Desde el Caribe hasta las Llanuras del Norte, distintas experiencias invitan a seguir el camino
del cacao desde el árbol hasta el chocolate y descubrir su vínculo con la cultura, las comunidades locales y la biodiversidad del país.
En Costa Rica, el chocolate comienza mucho antes de llegar a una tableta. Su historia
está en los árboles de cacao que crecen entre bosques tropicales, en pequeñas fincas
familiares y, especialmente, en comunidades indígenas que mantienen vivos
conocimientos transmitidos de generación en generación.

Para los pueblos originarios, el cacao posee un profundo valor cultural y simbólico,
presente en su gastronomía, sus tradiciones y su cosmovisión. Quienes visitan el
destino pueden acercarse a ese universo a través de experiencias de turismo rural y
comunitario que permiten conocer el cultivo y recorrer el proceso que transforma sus
semillas en chocolate, desde la cosecha y fermentación hasta el tostado y la
elaboración artesanal. Y, por supuesto, probar el resultado final.
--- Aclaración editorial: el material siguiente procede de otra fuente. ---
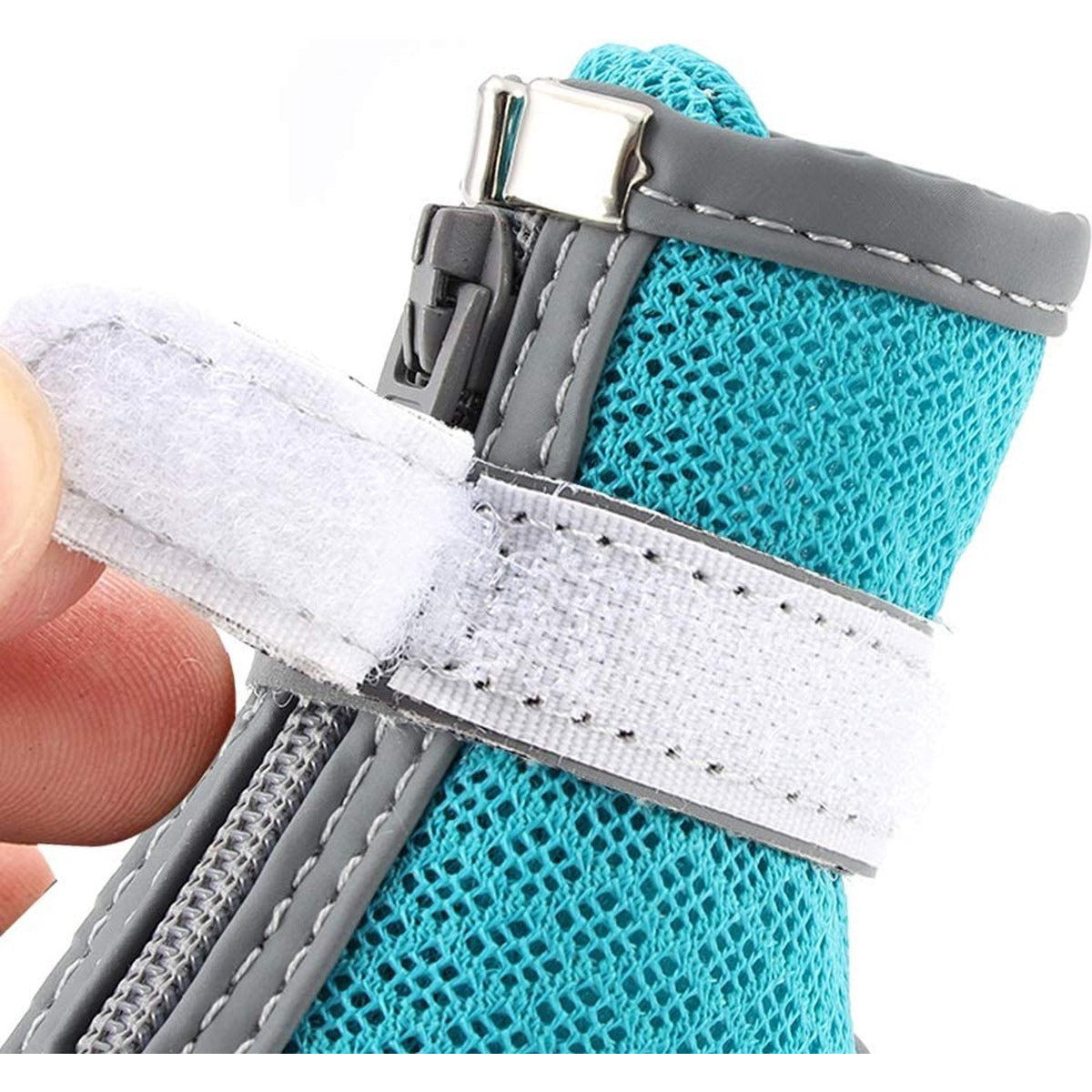 4 + 4 Stuks - Hondenschoenen En Hondensokken Set - Hondenlaarzen Met Rits En Bandje - Pootbeschermer - Puppy Slofjes - Antislip - Ademend Met Reflecterende Bandjes - Inclusief Bijpassende Honden Sokken - Maat 5 - XXL - Blauw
Talamanca: cacao y sabores ancestrales
En el Caribe Sur se encuentra una de las experiencias más profundas para comprender
el significado del cacao en Costa Rica. El territorio indígena Bribri de Talamanca
propone descubrir el cacao como una puerta de entrada a la cultura y la forma de vida
de sus comunidades. Organizaciones locales y familias reciben a viajeros para recorrer
fincas orgánicas, conocer el proceso tradicional de elaboración y descubrir cultivos y
plantas medicinales. Algunas experiencias suman gastronomía, caminatas, cascadas y
relatos sobre la cosmovisión Bribri.
En comunidades como Watsi y Yorkín, estos recorridos permiten compartir experiencias
con las familias locales y comprender qué lugar ocupa el cacao dentro de una cultura
profundamente conectada con su entorno.

Del Caribe a los volcanes: otras experiencias para descubrir
El cacao también permite descubrir otras regiones del país. En Sarapiquí, en las
Llanuras del Norte, diferentes experiencias combinan plantaciones y elaboración de
chocolate con la biodiversidad característica de la zona. En los alrededores de La
Fortuna y el Volcán Arenal, los tours pueden incorporar otros productos de la cultura
agrícola costarricense, como el café y la caña de azúcar.
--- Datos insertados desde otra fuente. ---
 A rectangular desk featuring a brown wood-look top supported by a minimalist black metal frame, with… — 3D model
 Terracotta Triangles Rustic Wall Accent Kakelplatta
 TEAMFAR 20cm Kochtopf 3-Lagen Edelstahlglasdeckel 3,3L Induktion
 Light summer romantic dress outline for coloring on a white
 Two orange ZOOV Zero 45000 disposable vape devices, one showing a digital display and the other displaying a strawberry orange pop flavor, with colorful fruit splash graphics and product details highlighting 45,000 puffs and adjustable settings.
Más al norte, en Bijagua de Upala, entre los volcanes Tenorio y Miravalles, fincas
familiares invitan a seguir el proceso desde el cultivo del cacao hasta la elaboración de
las barras y participar de degustaciones de chocolate artesanal.

El cacao también cuenta la historia de Costa Rica
Su cultivo ya era conocido por los pueblos originarios y, durante el período colonial,
llegó a convertirse en una importante actividad económica en el Caribe costarricense.
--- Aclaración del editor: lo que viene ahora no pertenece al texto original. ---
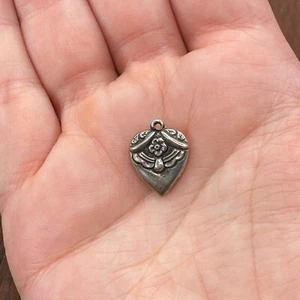 Vintage 925 Sterling "Alice" Draped Forget Me Not Puffy Heart Pendant Charm - Picture 1 of 3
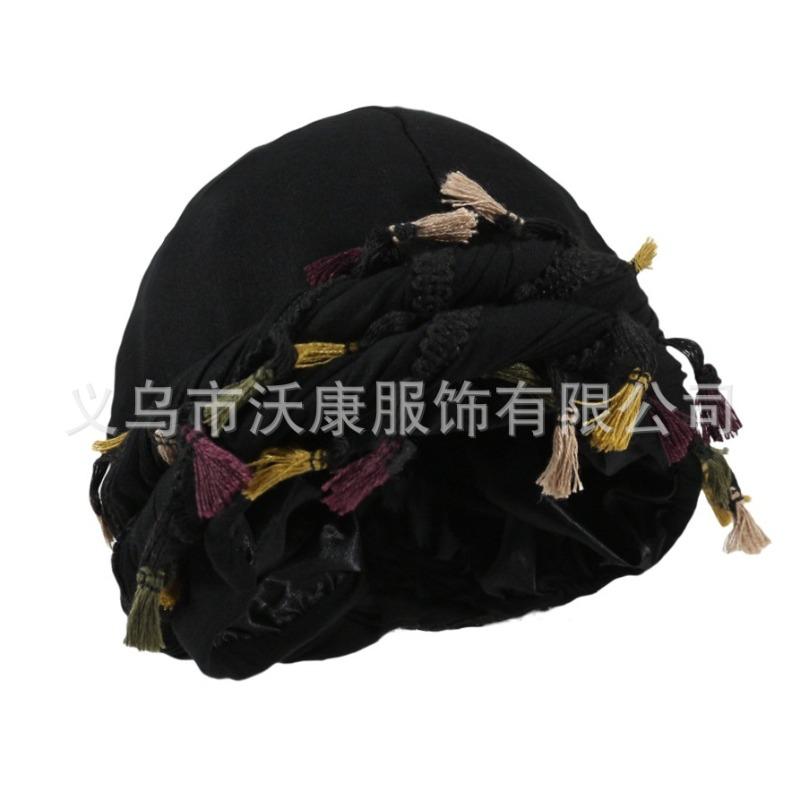 fringed headscarf hat, solid color cashew print twist tail hat, hip hop twist braided hat
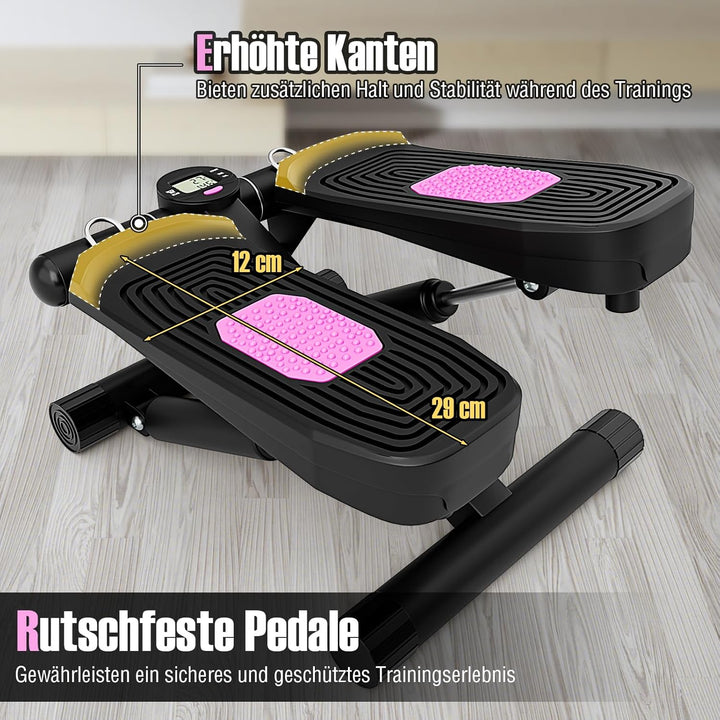 COSTWAY Mini-Stepper mit Widerstandbändern, 2 in 1 Up-Down Stepper mit verstellbarem Widerstand & LC
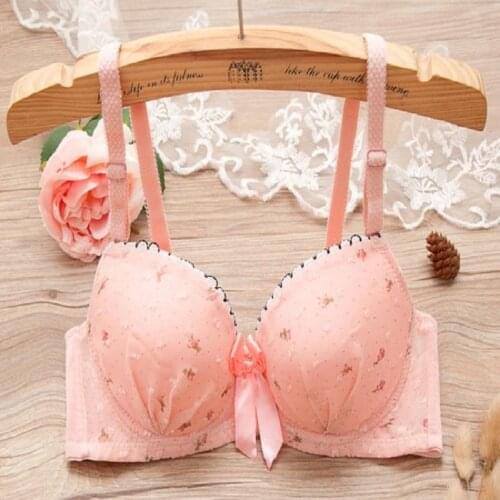 Hot Sales Dot Flower Women Push Up Bra Pure Cotton Lace Sexy Lady Underwear Lingerie Bralette Comfortable Breathable Top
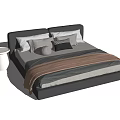 Modern Double Bed With Grey Velvet Headboard Multiple Pillows Blanket And White Side Table 3d model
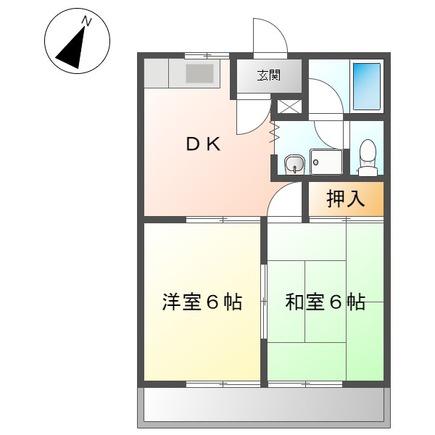 アイランドハイム(2DK/2階)の間取り写真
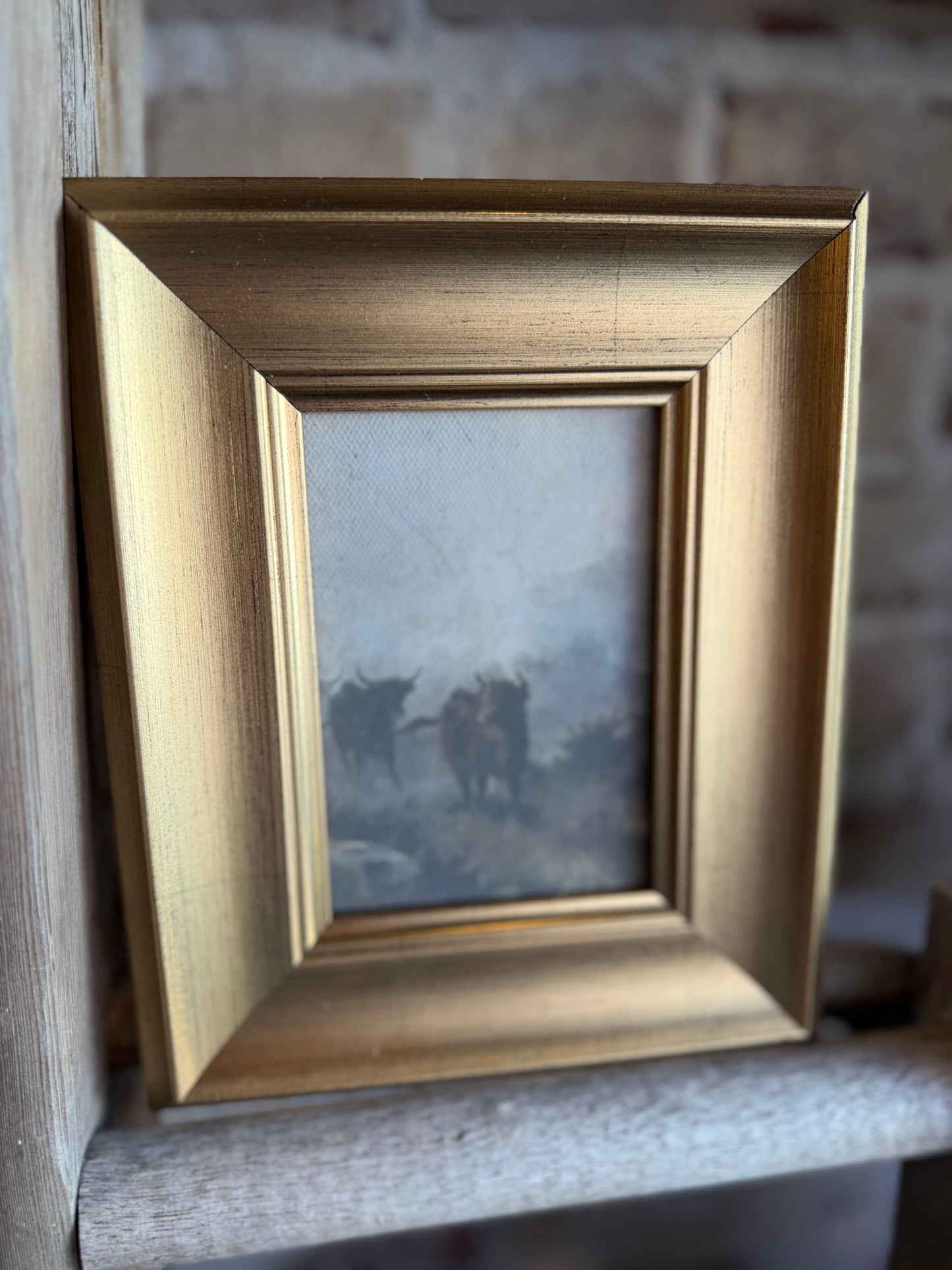 Bulls on a Misty Morn Framed Antique Art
Hoy, además de su valor agrícola y gastronómico, permite acercarse a conocimientos
ancestrales, fortalecer emprendimientos y generar oportunidades para comunidades
locales.
Recorrer Costa Rica a través del cacao propone otra manera de descubrir el país.
Porque detrás de su semilla puede haber un bosque, una familia, siglos de tradición y
una manera de entender la relación entre las personas y la naturaleza.